WORK ITEM: Would you reproduce the data below exactly, please, leaving out its images?

=== Section Start ===

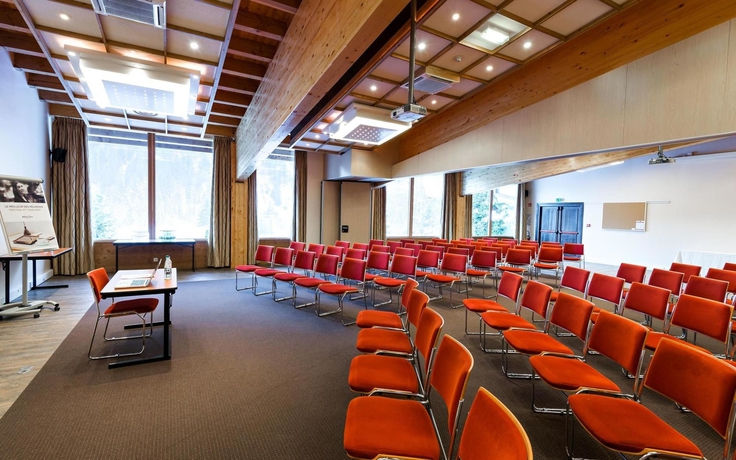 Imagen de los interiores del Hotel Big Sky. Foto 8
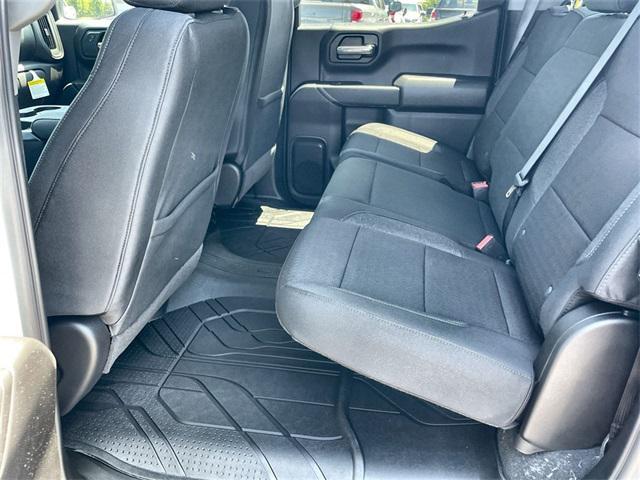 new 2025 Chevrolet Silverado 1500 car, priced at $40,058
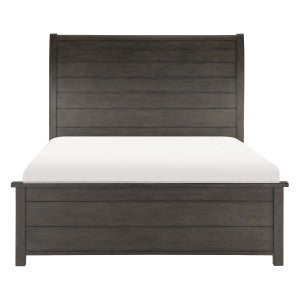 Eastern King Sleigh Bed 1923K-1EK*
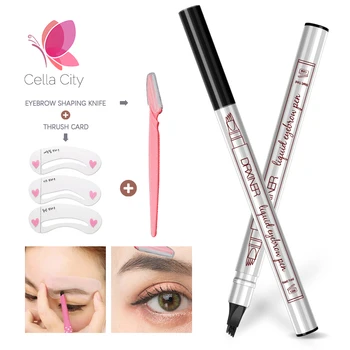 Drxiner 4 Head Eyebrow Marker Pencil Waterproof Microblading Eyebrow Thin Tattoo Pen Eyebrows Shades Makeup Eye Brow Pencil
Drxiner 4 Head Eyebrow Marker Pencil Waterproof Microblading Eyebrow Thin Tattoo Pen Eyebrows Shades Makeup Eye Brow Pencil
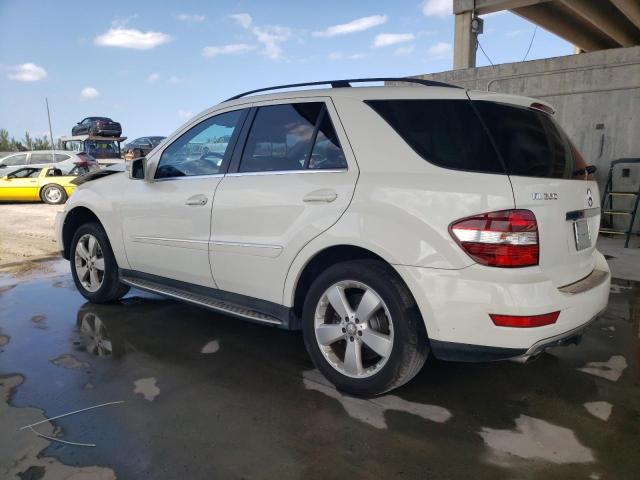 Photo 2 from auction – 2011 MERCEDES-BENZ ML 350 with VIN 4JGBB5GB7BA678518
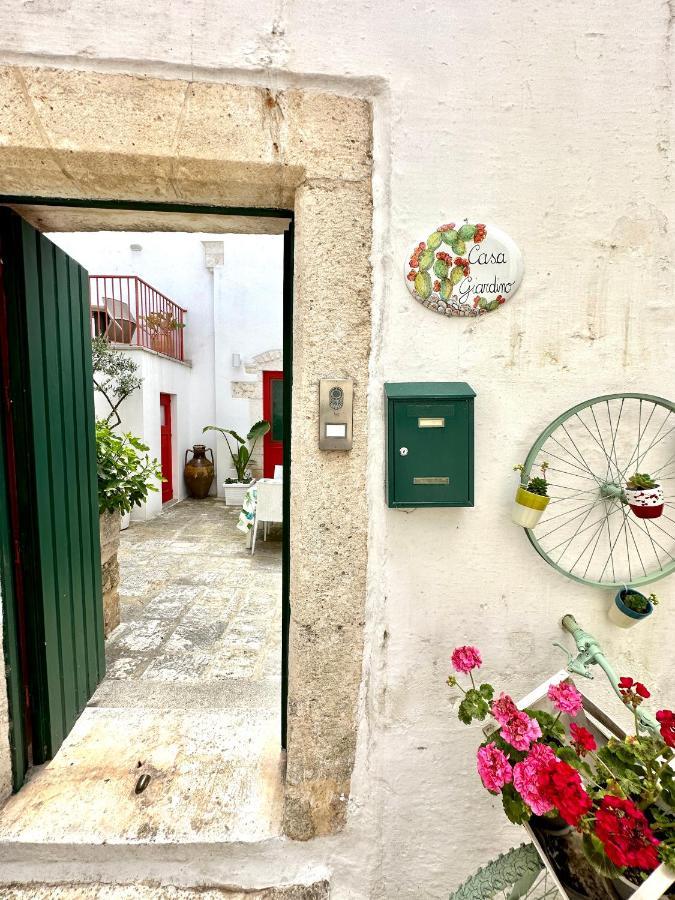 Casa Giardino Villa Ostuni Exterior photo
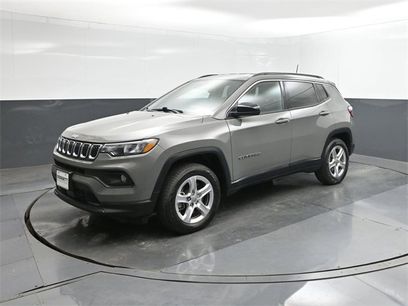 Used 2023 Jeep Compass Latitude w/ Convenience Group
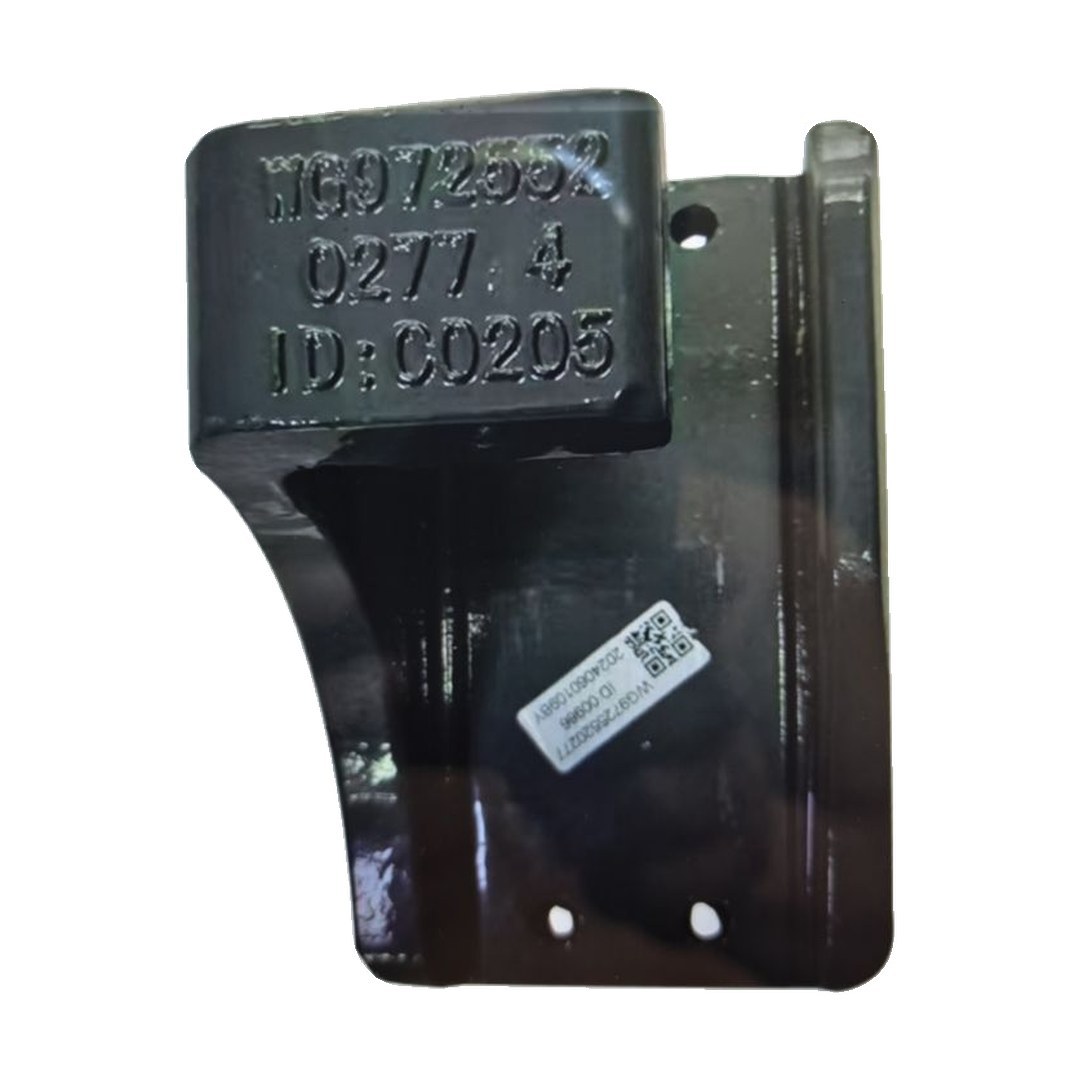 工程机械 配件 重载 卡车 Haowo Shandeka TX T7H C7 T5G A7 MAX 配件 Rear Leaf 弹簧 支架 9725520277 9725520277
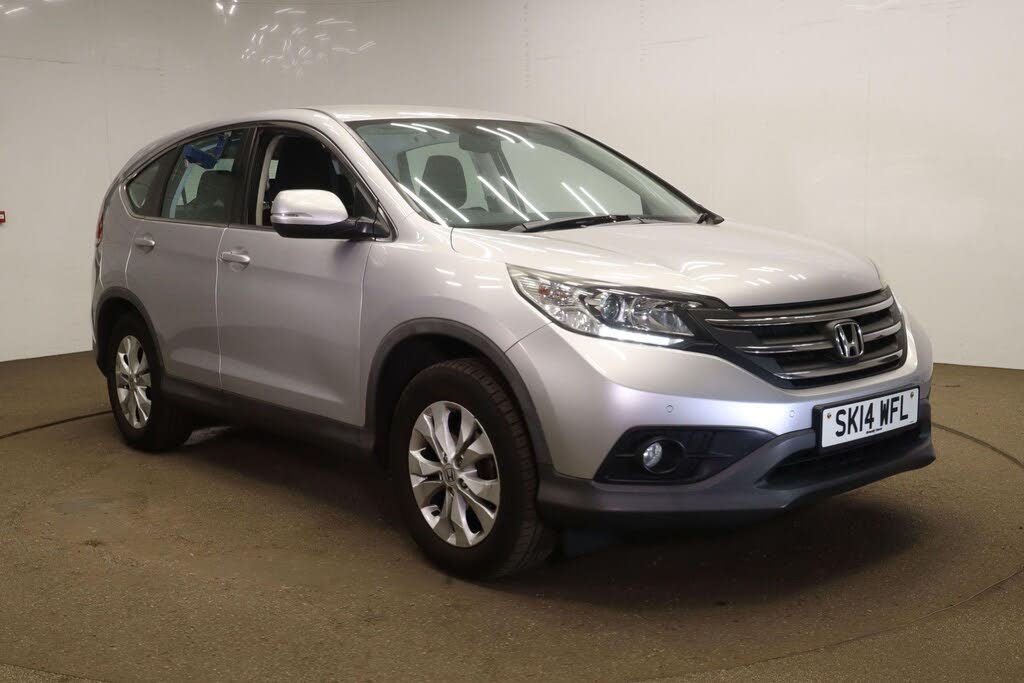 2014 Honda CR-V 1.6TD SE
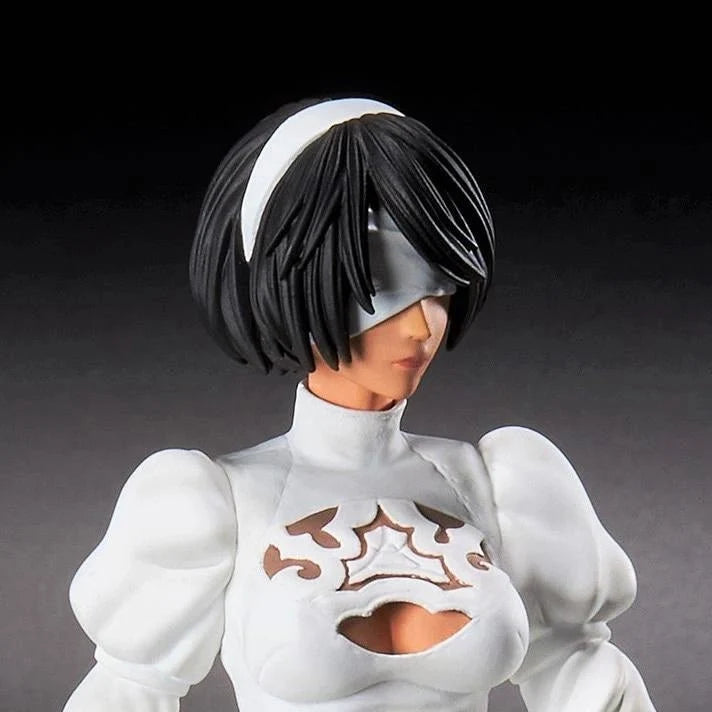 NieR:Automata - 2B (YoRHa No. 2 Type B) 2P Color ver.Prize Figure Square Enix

=== Section End ===

OUTPUT OF THE EXERCISE:
 Imagen de los interiores del Hotel Big Sky. Foto 8
 new 2025 Chevrolet Silverado 1500 car, priced at $40,058
 Eastern King Sleigh Bed 1923K-1EK*
 Drxiner 4 Head Eyebrow Marker Pencil Waterproof Microblading Eyebrow Thin Tattoo Pen Eyebrows Shades Makeup Eye Brow Pencil
Drxiner 4 Head Eyebrow Marker Pencil Waterproof Microblading Eyebrow Thin Tattoo Pen Eyebrows Shades Makeup Eye Brow Pencil
 Photo 2 from auction – 2011 MERCEDES-BENZ ML 350 with VIN 4JGBB5GB7BA678518
 Casa Giardino Villa Ostuni Exterior photo
 Used 2023 Jeep Compass Latitude w/ Convenience Group
 工程机械 配件 重载 卡车 Haowo Shandeka TX T7H C7 T5G A7 MAX 配件 Rear Leaf 弹簧 支架 9725520277 9725520277
 2014 Honda CR-V 1.6TD SE
 NieR:Automata - 2B (YoRHa No. 2 Type B) 2P Color ver.Prize Figure Square Enix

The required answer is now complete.